The Financial Crimes Enforcement Network (FinCEN a bureau of the U.S. Department of the Treasury) recently solicited public comments on the renewal of information collection requirements for foreign financial accounts.
These requirements are the reason for the annual Report of Foreign Bank and Financial Accounts (FBAR) which cause overseas Americans considerable effort to complete. AARO provided a submission saying the FBAR report is “unnecessary, even counterproductive.”
Major reasons for this position include:
- The minimum reporting threshold has not been raised in almost 50 years.
- Other reporting requirements such as FATCA make the FBAR redundant.
- There is little evidence showing the information from FBAR is being used.
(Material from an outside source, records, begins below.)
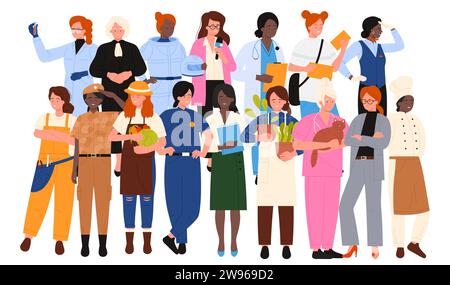 Frauen verschiedener Berufe zeigen Vektor-Illustration. Cartoon isoliert viele Mädchen in Berufskleidung stehend, Richterin und Wissenschaftlerin, Fahrer und Flugbegleiterin, Astronaut und Keramikerin Stock Vektor
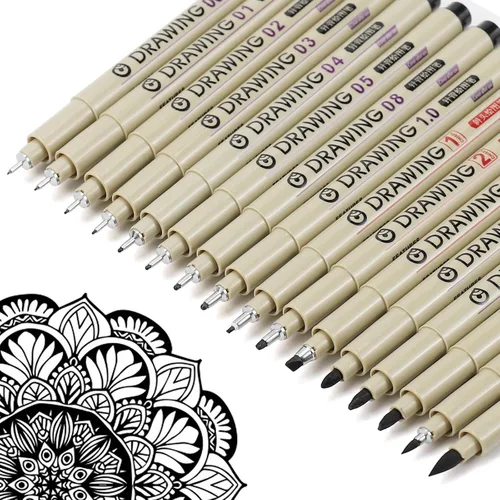 Vista 12 de Muchcute 01 Micro Fineliner Dibujo Arte Bolígrafos: 12 Colores 0.25mm Punta Extra Fina Biblia Sin Sangría Diario Zentangle Suministros de Estudio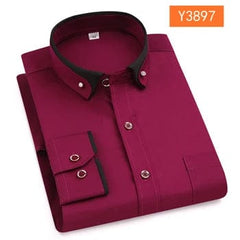  Showlu Fashion Store 3897 / M new arrival fashion male Solid 100% Cotton Oversized formal Youth spring men's shirt long sleeve high quality plus size M-9XL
Here is the text of the AARO submission which can also be found online at the regulations.gov website at https://www.regulations.gov/document?D=FINCEN-2020-0013-0080
Text of AARO’s Submission
This comment is by the Board of Directors of the Association of Americans Resident Overseas (AARO), founded in 1973 to assist Americans abroad* with their rights and obligations vis-a-vis the United States. AARO is a registered non-profit association under French law with members in 40 countries.
In conformity with Paperwork Reduction Act requirements, FINCEN has invited comments on whether its FBAR activities fulfill the agency's purposes.
AARO's response, with respect to Americans abroad, is negative.
According to 44 USC 3508, the consequence is that FBAR reporting must cease to apply to these persons:
“Before approving a proposed collection of information, the Director shall determine whether the collection of information by the agency is necessary for the proper performance of the functions of the agency, including whether the information shall have practical utility... → To the extent, if any, that the Director determines that the collection of information by an agency is unnecessary for any reason, the agency may not engage in the collection of information.”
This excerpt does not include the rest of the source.